Obama won, and Clinton almost did. I guess race and gender equality are “OK” now, right? We’re all OK?
Sparked by the conversation around Dana’s feminism post, the blog council decided to take up where one of her comments left off. Something to the effect of “most of American history is written by and about White men.” Given that identity shifts over time and is both a social and a deeply personal topic, we invite everyone to reflect on identity. This prompt is actually deeply in sync with some class topics: firstly, to understand one’s own biography in the context of how the history of identity unfolds requires a healthy dose of sociological imagination; secondly, as we touched on social movements, we can see that they are essential to the creation of alternate or changing identities. (Side note: see how I use a colon and semi-colons in above. 🙂 )
For this week’s blog post, we ask you describe an event or personal experience (one that you have direct knowledge of) that reflects the broader realities about identity in America, especially race and gender. (We can leave others like class or sexuality or religion later, if we want). That connection to a broader reality can reflect either “progress” towards more equality, or the persistence of “-isms,” or new wrinkles in the fabric of American culture (for example, the rise of inter-racial marriages).

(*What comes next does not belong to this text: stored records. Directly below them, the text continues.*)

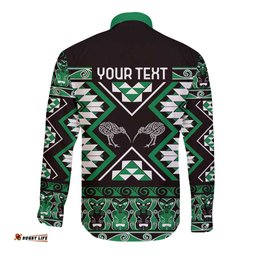 Personalised Taniko Motifs Aotearoa Long Sleeve Button Shirt Waitangi Kowhaiwhai Kiwi - Green LT7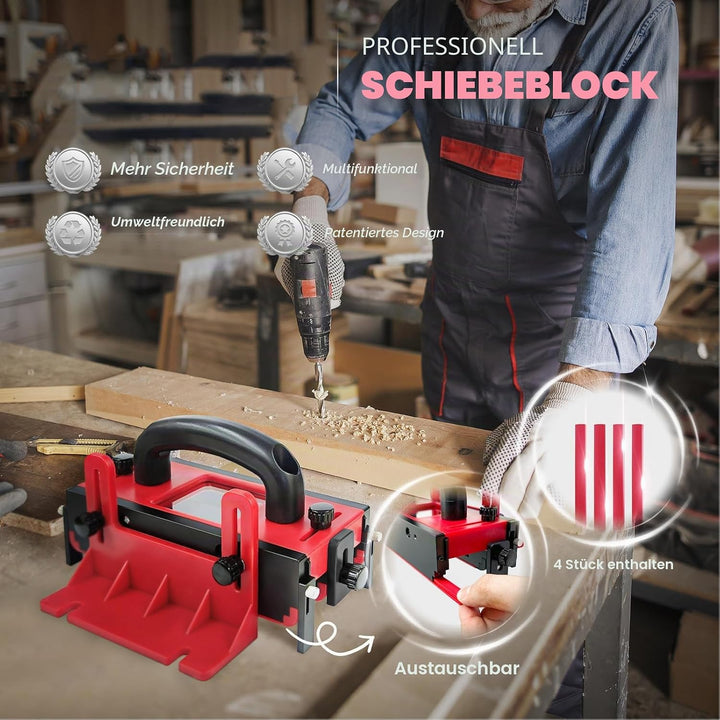 FTVOGUE Einstellbarer Tischsäge -Druckblock, Transparentes Fenster, Nicht -Schlupfstreifen, Multi -R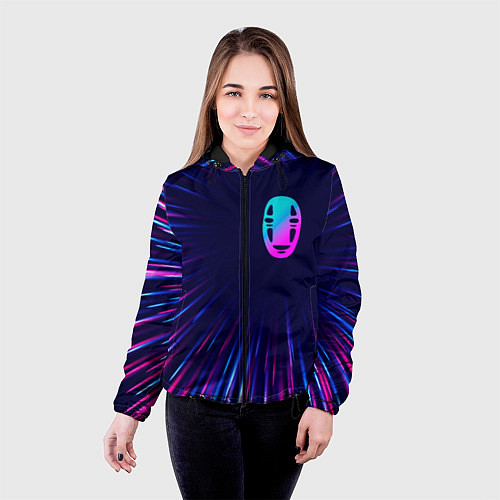 Женская куртка Spirited Away neon blast lines / 3D-Черный – фото 4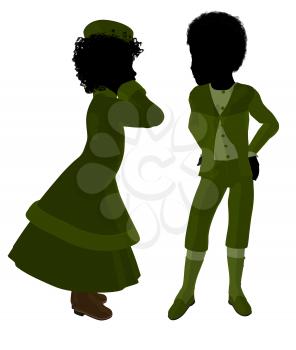 Royalty Free Clipart Image of Two Victorian Children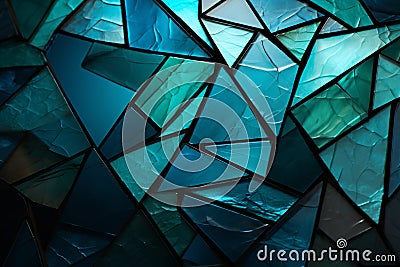 Triangles interplay, marrying deep blue, green, white, and striking cyan, vibrant aesthetic Stock Photo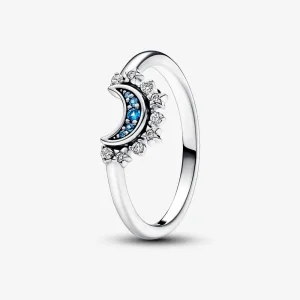 Inelul Pandora Celestial Blue Sparkling Moon - 192675C01 (imagine pentru) Inelul Pandora Celestial Blue Sparkling Moon - 192675C01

A) Talk about a personal experience (of which you have direct knowledge of) and explain how this effected your perception of identity – whether it be having to do with gender, ethnicity, etc.
B) Americans talk about how everyone is too “PC” and how there isn’t really that much racism in America anymore. Or at least we’re taught that in high school. Is everything really OK? Is racism (or sexism, etc.) still a large part of American society? A medium-sized part?
Just to get the ball rolling, I could easily write about:
* Walking in the dark and having women who don’t know me walk faster.
* Being pulled over in Chicago while a Black friend was driving.
* Being asked if I am “Latino” or “Hispanic.”
* Having my PhD program have a minor freak-out when someone saw my painted toe-nails.
* My personal distaste of the labels of “White” and “Black.”